The report, “Uniformed Injustice: State Violence against LGBT People in El Salvador,” is the product of months of research by Georgetown Law students in the Human Rights Institute’s Fact-Finding Practicum, and includes interviews with over 50 human rights defenders, activists, victims, and government officials.
The vast majority of LGBT individuals interviewed had been physically, sexually, and/or verbally assaulted by members of the Salvadoran police or military, and advocates say such abuses are extremely common. Among all the interviews conducted, there was only one report that police officers who were successfully prosecuted for violence against a lesbian, gay, bisexual, or transgender person.
“I have been persecuted by security forces, on so many occasions,” said one transgender interviewee who told the authors he suffered numerous beatings at officials’ hands. Describing one incident, he said, “I just put myself in God’s hands, because when I saw that they covered their faces, that’s when I really got scared.”
The report finds that Salvadoran police and military officers both target LGBT people for violence and escalate routine encounters with civilians into violent ones when they learn a victim’s sexual orientation or gender identity. Following these attacks, LGBT victims are often prevented from filing complaints or find that police and prosecutors have failed to investigate the alleged crimes.
All of this occurs in spite of laws, policies, constitutional requirements and international human rights commitments that are meant to protect citizens from violence by state actors and impunity. The report found that while laws and policies have been enacted to address these issues, they are not being implemented.

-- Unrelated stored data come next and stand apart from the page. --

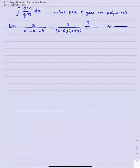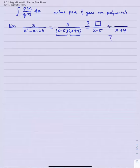It might be natural to ask: is it possible to decompose that fraction into two lesser fractions — ones whose denominators contain x minus 5 and x plus 4 respectively? The natural denominators to consider are those two linear factors, and the question is what would those two numerators look like.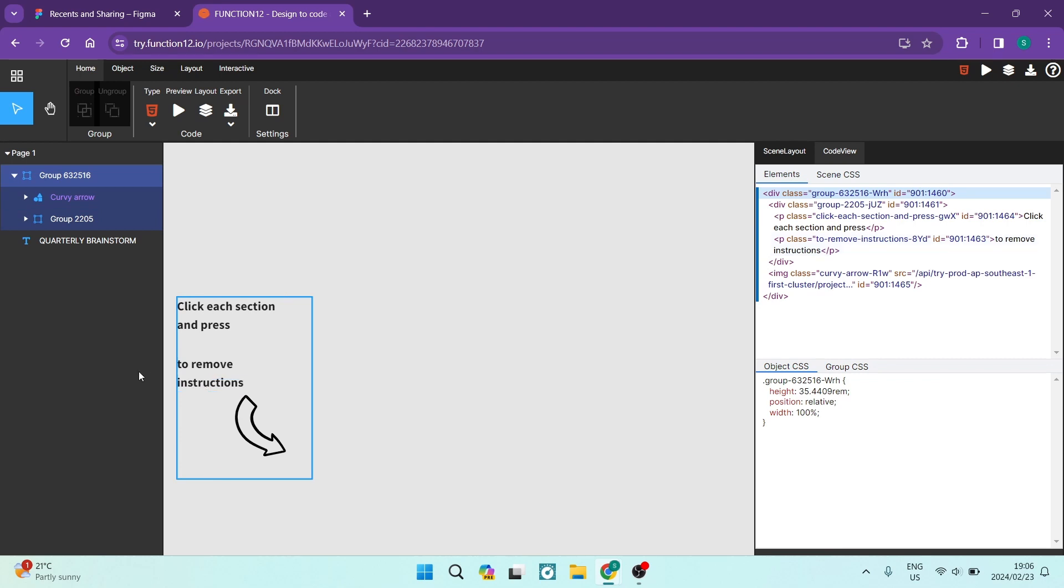There we go. We have now successfully converted our Figma design into Flutter code. If this was helpful, drop us a like. We'll see you next time. Cheers.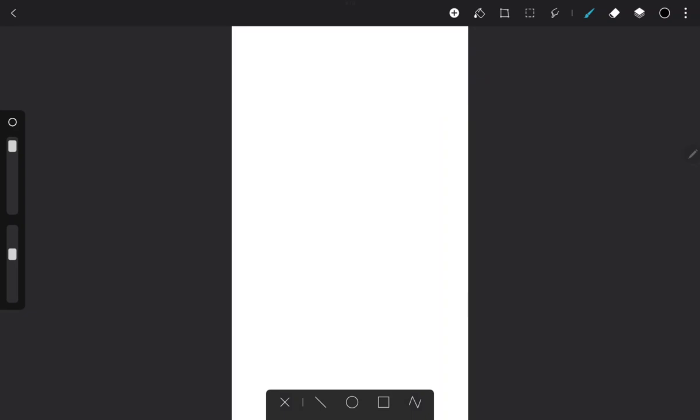On the lower part of the screen, just select the shape and draw on the canvas.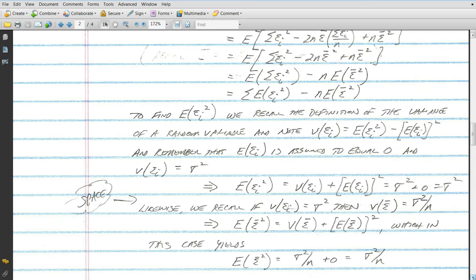There's an important theorem: the variance of a random variable can be expressed as the expected value of that random variable squared minus the expected value of that random variable, quantity squared. For the variance of epsilon sub i, this means the expected value of epsilon sub i squared equals the variance plus the expected value of epsilon sub i, quantity squared. Since the variance of epsilon sub i is sigma squared and the expected value of epsilon sub i is zero, the expected value of epsilon sub i squared equals sigma squared.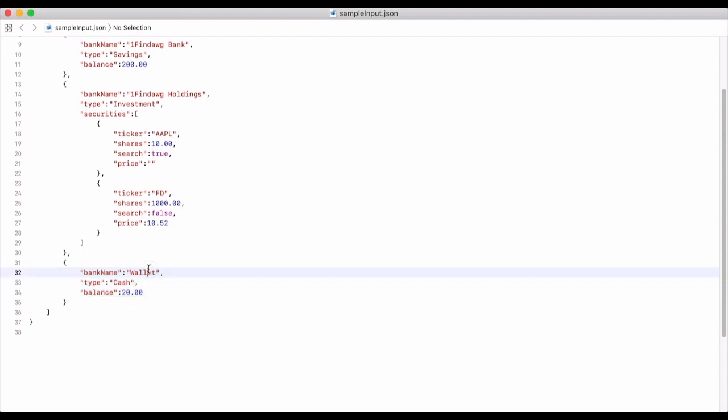My last account will be what I call my wallet — so you know, money you're walking around with. It's going to be of type cash and it has a balance of $20.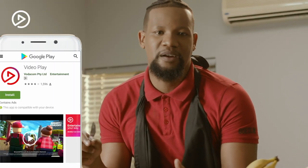Video Play Data is the new way to stream or download your favorite movies or series and pay less. Enjoy your daily shows and pay much less with the Video Play Data Bundle.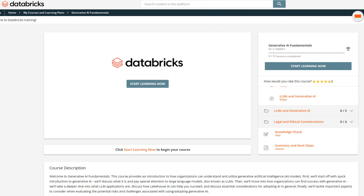So without further ado, go ahead and enroll for this program, take the learning out of this, and share your achievement with the network. Until we see next, have a great day and a great year ahead. Bye for now.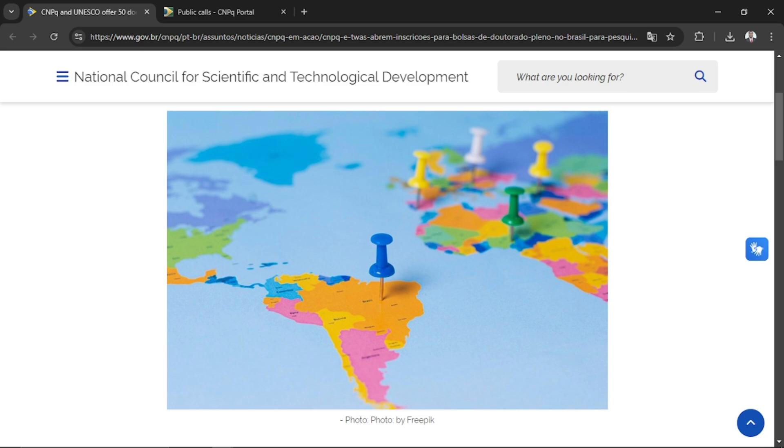The program is generously funded. From my research, I realized that almost 8.6 million reais has been allocated for these 50 people doing their research for four years as doctorate students. They will support visas and airfare expenses.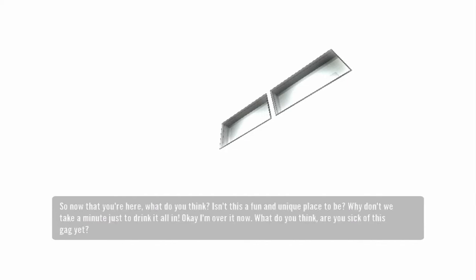So, now that you're here, what do you think? Isn't this a fun and unique place to be? Why don't we take a minute just to drink it all in?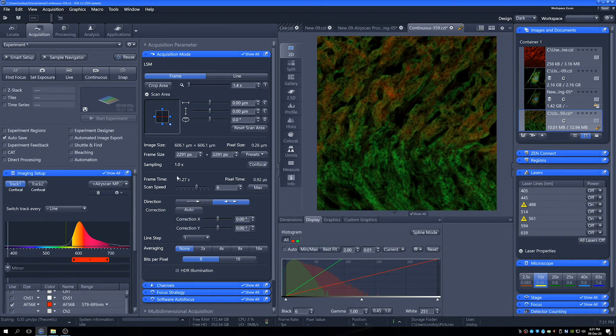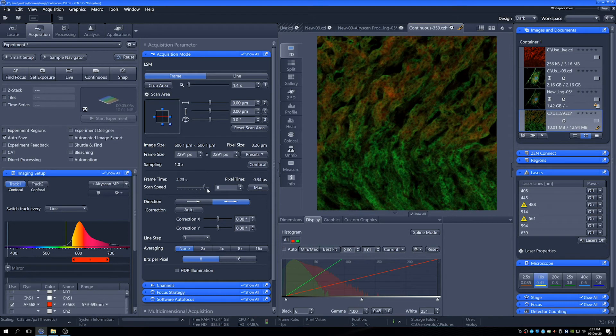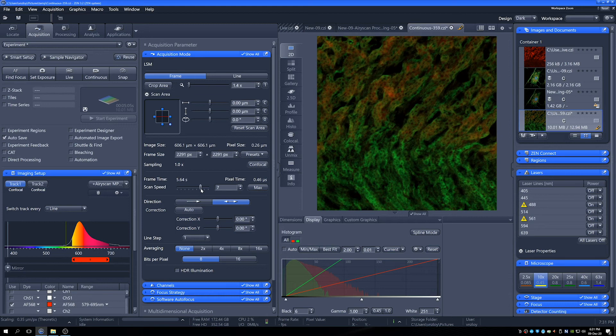Then we can see we've got things like scan speed by here. So we can see what our frame times are going to be. We can control this just by pulling this bar back and forth. We can do everything from scanning for a few minutes to scanning in a few seconds.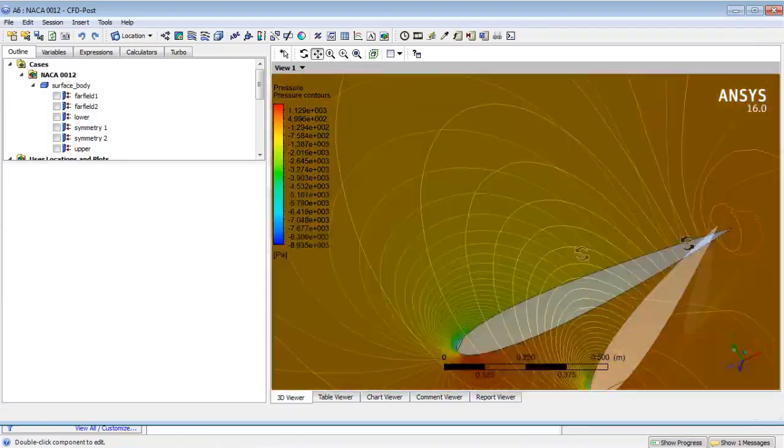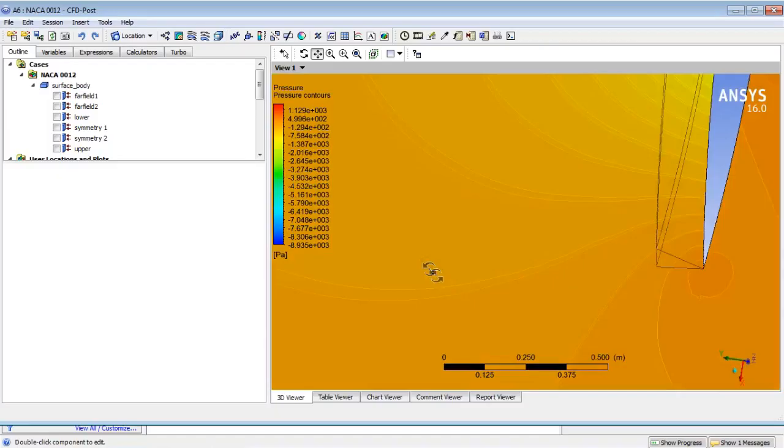Did you inform the solver of the correct frontal area? Which area? The frontal area — the area that is used as a reference for the drag coefficient. I guess I did, yes.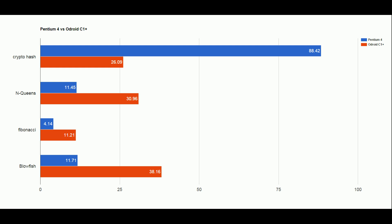For the Pentium 4 and N Queens, it produces a score of 11.45, while the Odroid C1 Plus produced a score of 30.96. In Fibonacci, the Pentium 4 produced a score of 4.14 and the Odroid C1 a score of 11.21. In Blowfish, the last test I ran, the Pentium 4 produced a score of 11.71 and the Odroid a score of 38.16.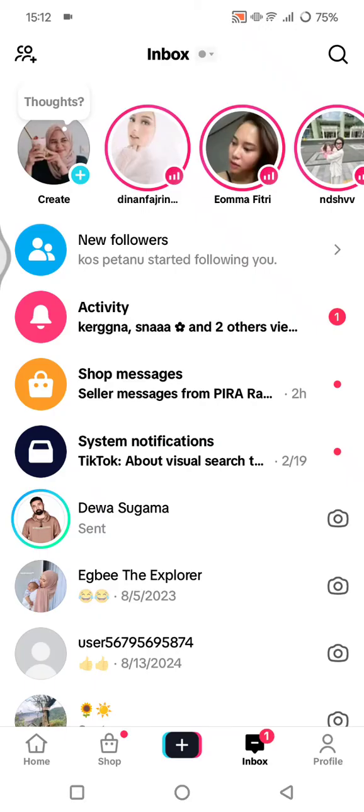In your inbox, check if there are any filtered message requests — you'll see the message request at the top, though there are none on mine. Look for the filtered request section, tap on Manage, and select Turn Off. Note that if this option isn't available, you may need to first decline or delete existing filtered messages.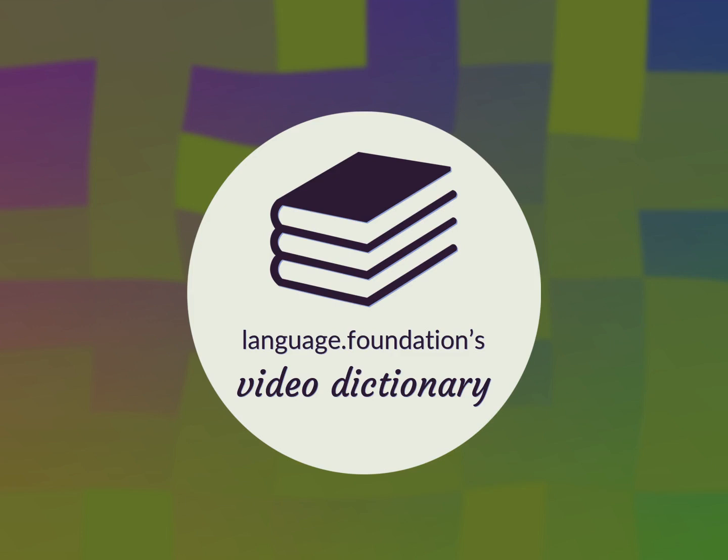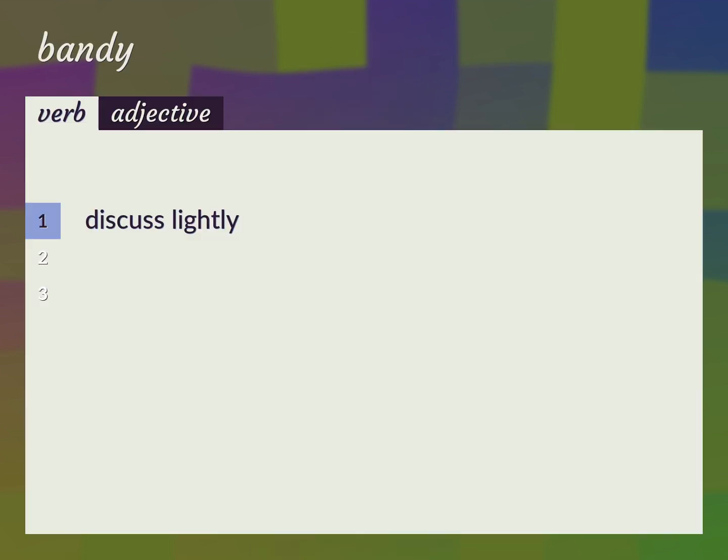Language.Foundation's Video Dictionary, helping you achieve understanding. Discuss lightly. Kick around.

The report concludes that El Salvador is failing to comply with its domestic and international human rights obligations, especially the rights to personal security, to be free from torture, against arbitrary arrest or detention, and of access to justice.
Alex Peña, whose ordeal is described in the report, echoed the struggle of many of those who spoke to the report authors when he said, “I need justice. I want the officers who did this to be jailed so people know hate crimes will be punished.”
The Georgetown Law Human Rights Institute serves as the focal point for human rights activities at Georgetown Law and promotes Georgetown Law’s role as a leader in the field of human rights.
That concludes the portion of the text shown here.